Fairness and relevance of the CCT

Over 75% of candidates who completed the online survey agreed that the exam cases were relevant to daily general practice, and were fair. While 94% of survey responders agreed that the exam covered a wide knowledge base, just over half (53%) agreed that the CCT covered a range of physical examination skills.

Exam preparation

The majority of responders (86%) believed that practice sessions with their peers best prepared them for the CCT. In addition to peer-group learning, participants also used online resources to support their learning, with 86% of responders reporting that websites external to the ICGP website were useful in preparing for the CCT exam. However, tutorials provided by GP vocational training schemes and GP trainers were considered less useful.

Organisation of the CCT

The majority of responders (90%) agreed that the CCT examination was well organised and ran smoothly. Invigilators were generally considered to be helpful (89%), however a minority of candidates (12%) felt that examiners could be more helpful in guiding them through the CCT process. This finding also emerged in the qualitative analysis of the free-text comments:

‘Some examiners were friendly, others were very blunt and unfriendly, they wouldn't even look at you.
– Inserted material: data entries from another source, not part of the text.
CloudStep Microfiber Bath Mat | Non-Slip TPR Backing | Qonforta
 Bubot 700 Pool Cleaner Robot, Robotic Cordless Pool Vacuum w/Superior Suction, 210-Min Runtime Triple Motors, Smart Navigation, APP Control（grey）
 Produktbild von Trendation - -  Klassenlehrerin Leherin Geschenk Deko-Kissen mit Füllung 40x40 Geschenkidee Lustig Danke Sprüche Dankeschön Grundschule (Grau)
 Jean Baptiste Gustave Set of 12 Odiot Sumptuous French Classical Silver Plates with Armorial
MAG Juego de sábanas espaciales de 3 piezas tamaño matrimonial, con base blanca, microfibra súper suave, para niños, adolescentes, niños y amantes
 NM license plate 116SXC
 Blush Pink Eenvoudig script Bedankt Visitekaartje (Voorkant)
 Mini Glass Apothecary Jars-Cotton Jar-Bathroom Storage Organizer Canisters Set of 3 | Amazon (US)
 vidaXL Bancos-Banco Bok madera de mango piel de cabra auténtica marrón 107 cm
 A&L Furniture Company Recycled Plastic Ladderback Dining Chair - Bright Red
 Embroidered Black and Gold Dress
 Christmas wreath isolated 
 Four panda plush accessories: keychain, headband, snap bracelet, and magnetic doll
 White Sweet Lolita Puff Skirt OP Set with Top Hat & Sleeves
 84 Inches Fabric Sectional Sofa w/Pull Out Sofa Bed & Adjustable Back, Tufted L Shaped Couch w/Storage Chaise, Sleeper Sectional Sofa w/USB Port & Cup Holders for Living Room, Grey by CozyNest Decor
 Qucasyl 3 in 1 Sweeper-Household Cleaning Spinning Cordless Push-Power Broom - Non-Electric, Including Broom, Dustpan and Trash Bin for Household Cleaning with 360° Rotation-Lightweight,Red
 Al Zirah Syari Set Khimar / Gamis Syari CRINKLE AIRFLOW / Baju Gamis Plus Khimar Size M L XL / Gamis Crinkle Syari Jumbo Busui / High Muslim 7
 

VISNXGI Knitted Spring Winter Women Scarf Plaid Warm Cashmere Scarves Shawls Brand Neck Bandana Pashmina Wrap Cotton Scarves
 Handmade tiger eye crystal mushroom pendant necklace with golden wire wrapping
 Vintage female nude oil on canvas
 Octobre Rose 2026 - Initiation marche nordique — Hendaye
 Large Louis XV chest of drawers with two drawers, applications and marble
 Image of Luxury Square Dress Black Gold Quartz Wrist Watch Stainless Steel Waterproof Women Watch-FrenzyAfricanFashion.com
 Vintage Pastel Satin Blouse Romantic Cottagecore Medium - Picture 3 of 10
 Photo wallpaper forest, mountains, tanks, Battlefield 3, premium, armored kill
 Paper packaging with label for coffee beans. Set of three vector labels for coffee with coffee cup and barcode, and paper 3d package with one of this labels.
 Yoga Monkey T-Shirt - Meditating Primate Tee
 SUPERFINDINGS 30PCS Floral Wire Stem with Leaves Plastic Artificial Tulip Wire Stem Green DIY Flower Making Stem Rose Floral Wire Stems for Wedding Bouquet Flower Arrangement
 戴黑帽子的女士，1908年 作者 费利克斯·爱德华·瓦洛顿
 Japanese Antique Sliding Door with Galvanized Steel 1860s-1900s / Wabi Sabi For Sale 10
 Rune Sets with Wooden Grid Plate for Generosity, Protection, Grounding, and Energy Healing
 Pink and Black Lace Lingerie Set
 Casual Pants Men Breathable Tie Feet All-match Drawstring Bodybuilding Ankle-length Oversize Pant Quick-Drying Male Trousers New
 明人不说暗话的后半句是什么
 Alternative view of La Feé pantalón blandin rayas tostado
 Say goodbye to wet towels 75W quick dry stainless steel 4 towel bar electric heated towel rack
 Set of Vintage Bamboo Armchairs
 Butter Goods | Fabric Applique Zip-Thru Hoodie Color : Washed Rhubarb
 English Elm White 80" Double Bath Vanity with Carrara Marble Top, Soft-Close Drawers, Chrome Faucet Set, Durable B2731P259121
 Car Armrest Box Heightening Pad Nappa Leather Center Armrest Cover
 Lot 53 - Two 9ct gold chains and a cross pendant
This is somewhat off-putting. They could at least acknowledge your existence. Some of them never even said goodbye ... ’

Authenticity of the CCT

Sixty-nine percent of participants found the actors to be realistic, akin to real patients sitting in front of them. However, candidates did comment that the actors appeared to have been asked to 'hold back' at times and not share information unless asked. Candidates suggested that in real clinical practice patients were more likely to share information more readily.

Stress

Ninety percent of responders agreed that the CCT was stressful and 74% agreed that it was an intimidating method of assessment. Stress emerged as a major theme in the qualitative analysis of the free-text comments, with a number of participants reflecting on the stress the exam caused them. Waiting for the exam to commence was identified as a particular source of stress by a number of candidates. For many others, the biggest stressor was the need to complete paperwork within the allotted 10 minutes.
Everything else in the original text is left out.